This guide is intended for RHEL based systems. The latest Lustre compatible version, as of writing this, is version 8.7 so that is what will be used. This guide assumes a fairly standard installation of the operating system. It also assumes a user familiar with RHEL systems and Linux in general. It will not cover every step, nor will it cover every possible configuration. The official Lustre documentation should be consulted for more advanced usage. I will not be taking any questions.
Lustre is a filesystem/clustering/networking tool for creating highly configurable storage setups. It has features like clustering, active/passive and active/active failure modes, network wide file striping, adaptive rerouting, Infiniband and RDMA support, ZFS, and more. The Lustre website has more detailed information about features and capabilities.
Lustre is a kernel module for Linux and as a result, it does require specific versions of the kernel alongside specific distributions in order to work. Check here for more information as to which systems are supported.
Lustre divides the duties of the filesystem into several distinct groups which allows different servers to specialize for each of these duties. The three types are as follows:
Handles routing and permission I suppose? TODO: read docs
Stores the permissions, file structure, access times, etc.
Can also store small files as it can speed up certain workloads.
Needs high IOPs and low latency for optimal performance.
Storage capacity should be a few dozen gigabytes per
terabyte of OSS.
Read more about MDS/MDT size here.
Block storage for files.
Large disk and memory capacities are best for this.
Higher network bandwidth is also preferred.
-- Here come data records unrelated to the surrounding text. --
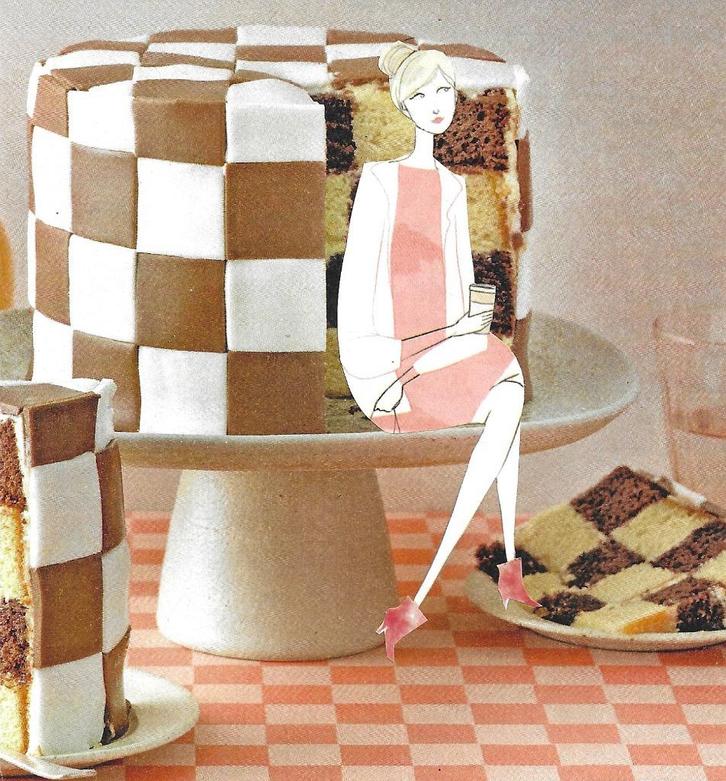 collagekaart 41, Hobby en Vrije tijd, Kaarten | Zelfgemaakt, Nieuw, Fantasie, Ophalen of Verzenden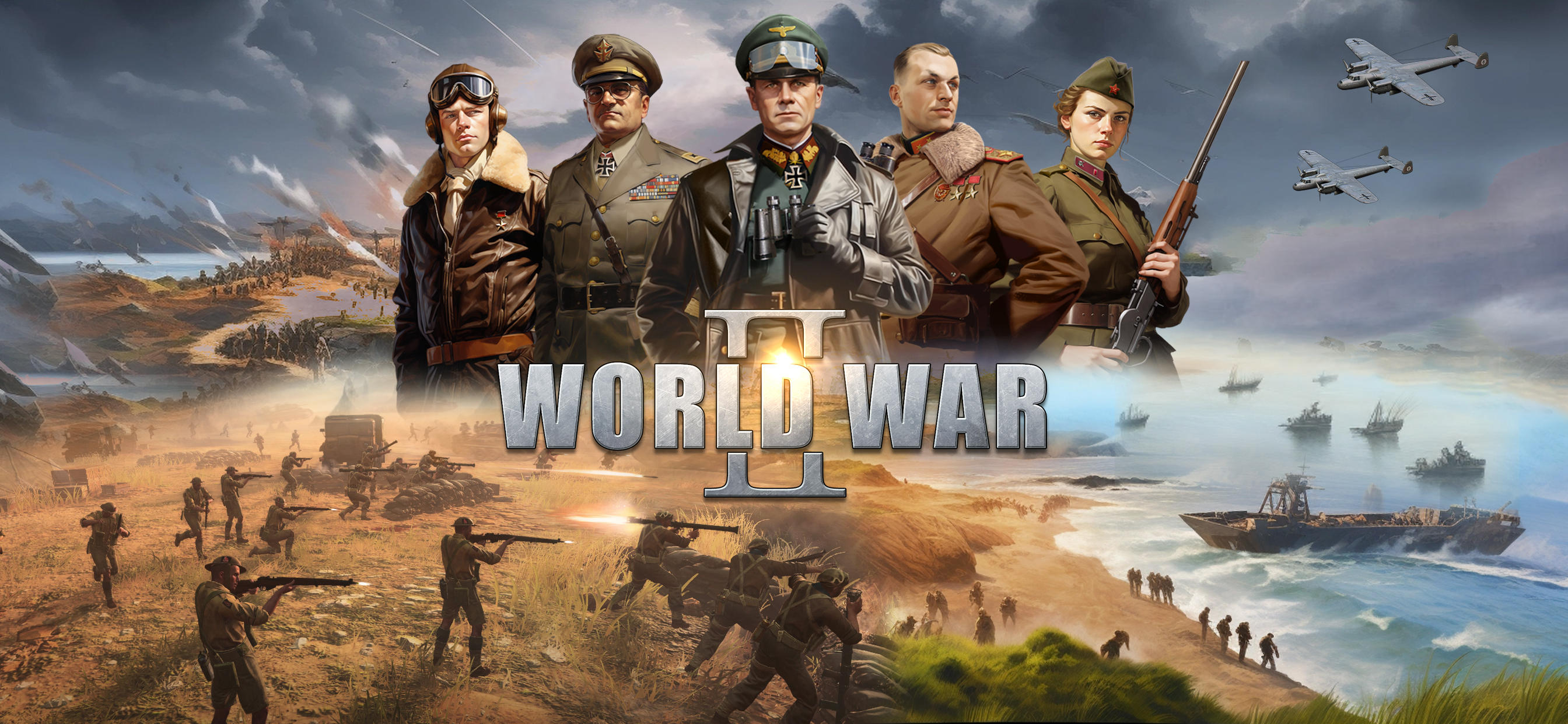 Screenshot 1 of Perang Besar: Permainan Strategi WW2 45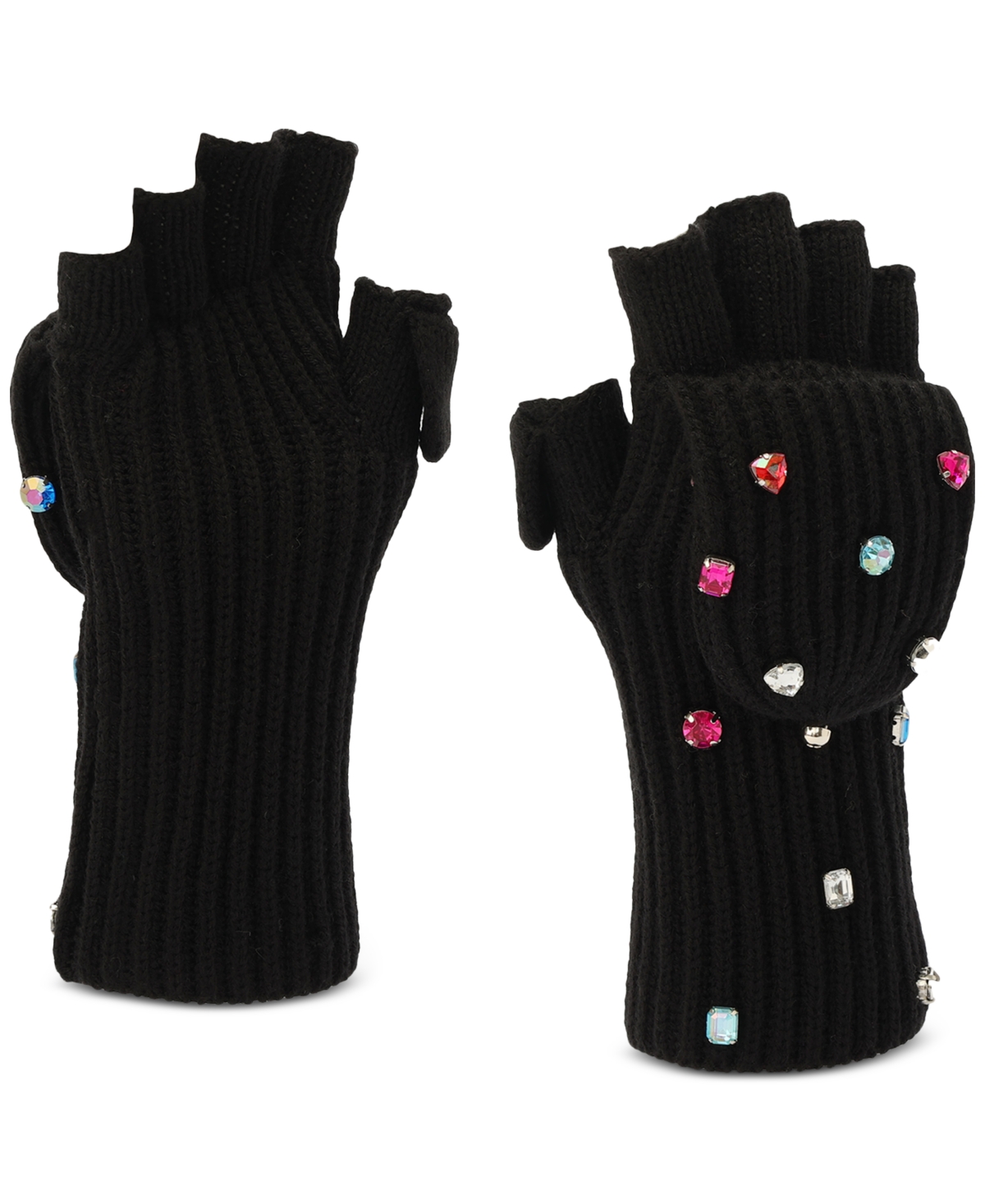 Kate Spade New York Women's Embellished Pop-Top Gloves
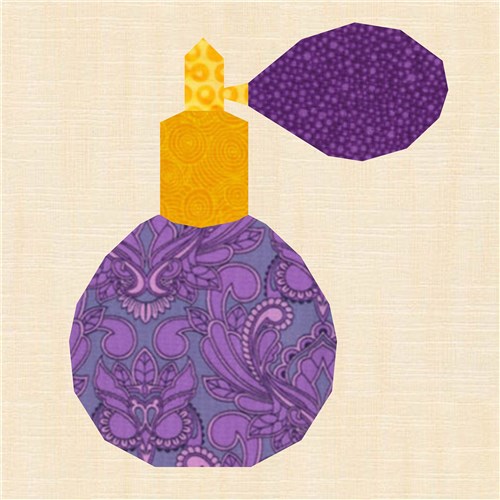 Perfume Atomiser  Quilt Block  FPP Pattern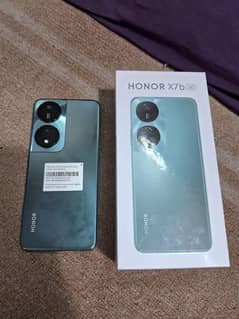 Honor x7b 5g. 8gb 256gb non pta with box orighnal charger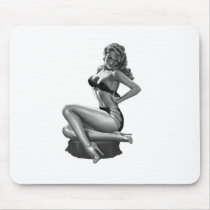 40's Pinup Beauty Mousepad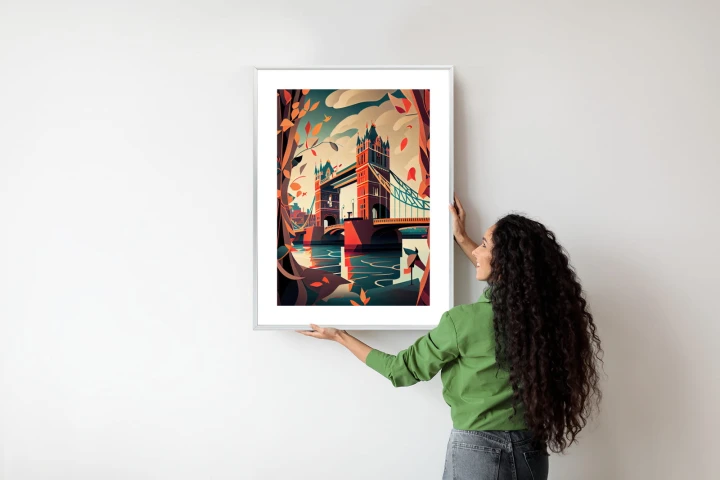 Plakat Tower Bridge Abstrakcyjna Ilustracja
Each function can be performed by one or more servers, and multiple servers can perform the same function. This allows for features like failover and data striping. A single server can also perform multiple functions. Having a combined MGS/MDS setup is not uncommon as the MGS requirements are low.
As of right now, RHEL version 8.7 is the latest supported operating system.
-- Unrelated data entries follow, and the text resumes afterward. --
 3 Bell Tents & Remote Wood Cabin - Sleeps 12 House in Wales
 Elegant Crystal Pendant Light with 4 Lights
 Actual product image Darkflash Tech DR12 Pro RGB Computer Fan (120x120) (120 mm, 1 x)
The following software are dependencies of Lustre and must be installed:
The high availability
, extras
, and
powertools
repositories are also required.
yum-config-manager --enable ha powertools extras
Install epel-release
now that the needed repositories have
been enabled.
Make sure to use the correct version of Lustre for your version of RHEL. You MUST use the kernel provided by Lustre in order to have it work.
Go here to download the latest RPMs for the Lustre server packages:
https://downloads.whamcloud.com/public/lustre/latest-release/el8.7/server/RPMS/x86_64/
You'll also need the e2fsprogs packages located here:
https://downloads.whamcloud.com/public/e2fsprogs/latest/el8/RPMS/x86_64/
Packages marked debugsource
or tests
are not required. These packages are fairly large at
about 900MB and likely should not be used on production servers.
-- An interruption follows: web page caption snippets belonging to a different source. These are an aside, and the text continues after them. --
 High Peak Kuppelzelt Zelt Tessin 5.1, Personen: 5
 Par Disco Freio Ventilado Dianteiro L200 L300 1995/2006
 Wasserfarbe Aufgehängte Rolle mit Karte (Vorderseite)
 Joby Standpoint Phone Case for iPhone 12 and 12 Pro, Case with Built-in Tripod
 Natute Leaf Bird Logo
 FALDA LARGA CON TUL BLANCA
Additionally, if you are not using ZFS, do not download any packages with
zfs
in the name, nor should you download lustre-all-dkms
.
Otherwise, you'll need to grab them in order to use ZFS.
In the directory that you've placed all of the packages use
localinstall
to install the new kernel. This may take
a bit of time.
yum localinstall kernel* -y
Now that the new kernel has been installed, reboot and confirm that the Lustre kernel is loaded. For example:
uname -r
Should return somethine like this:
4.18.0-425.3.1.el8_lustre.x86_64
If not, you may need to tweak which kernel is automatically selected.
Run the following commands to install the rest of the software.
Note the order, it takes into account some dependency needs. This
may take a bit of time as modules will need to compile. If you aren't
using ZFS, simply leave out libzpool*
, zfs*
,
libzfs*
, and replace lustre-all-dkms*
with lustre-ldiskfs-dkms*
.
yum localinstall kmod-lustre-2.* -y
yum localinstall e2fsprogs-* libcom* libss* -y
yum localinstall zfs* libuutil* libzpool* libnvpair* libzfs* -y
yum localinstall lustre-all-dkms* lustre-debuginfo* -y
yum lcoalinstall lustre-2* lustre-osd-* lustre-resource-agents-* -y
Lustre requires a unique host ID be set on the platform. Run the following two commands to generate one:
hid=`[ -f /etc/hostid ] && od -An -tx /etc/hostid|sed 's/ //g'`
[ "$hid" = `hostid` ] || genhostid
Load the newly installed modules to confirm that they are working:
modprobe zfs
modprobe lustre
modprobe lnet
If all three of those worked, place them into
/etc/modules-load.d/lustre.conf
. The file likely will not
exist, so you'll need to make it. This will ensure that they load on boot.
ksocklnd
isn't a part of Lustre as far as I know, but it is
needed for lnet
to load.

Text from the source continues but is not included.